Exercise goal: Exactly as they appear below, repeat the lines from the one with "NISSAN TEANA 2022" through the one with "A game from", and no others.
╭─ Supplied data
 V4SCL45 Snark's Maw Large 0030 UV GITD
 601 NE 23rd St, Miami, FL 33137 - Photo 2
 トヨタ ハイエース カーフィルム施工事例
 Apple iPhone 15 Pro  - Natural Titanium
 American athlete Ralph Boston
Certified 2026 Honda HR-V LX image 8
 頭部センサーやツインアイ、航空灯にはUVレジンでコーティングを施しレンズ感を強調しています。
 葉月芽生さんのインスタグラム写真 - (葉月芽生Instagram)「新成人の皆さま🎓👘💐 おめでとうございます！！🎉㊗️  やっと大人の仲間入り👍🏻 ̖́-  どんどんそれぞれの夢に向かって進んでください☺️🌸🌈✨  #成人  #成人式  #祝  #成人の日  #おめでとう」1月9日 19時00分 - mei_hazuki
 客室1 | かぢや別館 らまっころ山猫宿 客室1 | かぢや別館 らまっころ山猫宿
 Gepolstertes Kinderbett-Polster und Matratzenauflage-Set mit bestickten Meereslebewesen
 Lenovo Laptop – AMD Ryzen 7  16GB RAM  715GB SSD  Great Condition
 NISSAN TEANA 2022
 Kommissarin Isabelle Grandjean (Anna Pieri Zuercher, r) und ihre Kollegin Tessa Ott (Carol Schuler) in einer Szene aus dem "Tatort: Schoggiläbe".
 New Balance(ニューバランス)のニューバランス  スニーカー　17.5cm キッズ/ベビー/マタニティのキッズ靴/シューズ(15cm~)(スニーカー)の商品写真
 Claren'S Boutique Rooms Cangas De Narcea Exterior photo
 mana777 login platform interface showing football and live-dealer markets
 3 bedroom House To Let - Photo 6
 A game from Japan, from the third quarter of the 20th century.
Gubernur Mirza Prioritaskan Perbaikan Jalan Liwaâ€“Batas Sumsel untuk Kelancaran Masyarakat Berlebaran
╰─
Result of the task:
 NISSAN TEANA 2022
 Kommissarin Isabelle Grandjean (Anna Pieri Zuercher, r) und ihre Kollegin Tessa Ott (Carol Schuler) in einer Szene aus dem "Tatort: Schoggiläbe".
 New Balance(ニューバランス)のニューバランス  スニーカー　17.5cm キッズ/ベビー/マタニティのキッズ靴/シューズ(15cm~)(スニーカー)の商品写真
 Claren'S Boutique Rooms Cangas De Narcea Exterior photo
 mana777 login platform interface showing football and live-dealer markets
 3 bedroom House To Let - Photo 6
 A game from Japan, from the third quarter of the 20th century.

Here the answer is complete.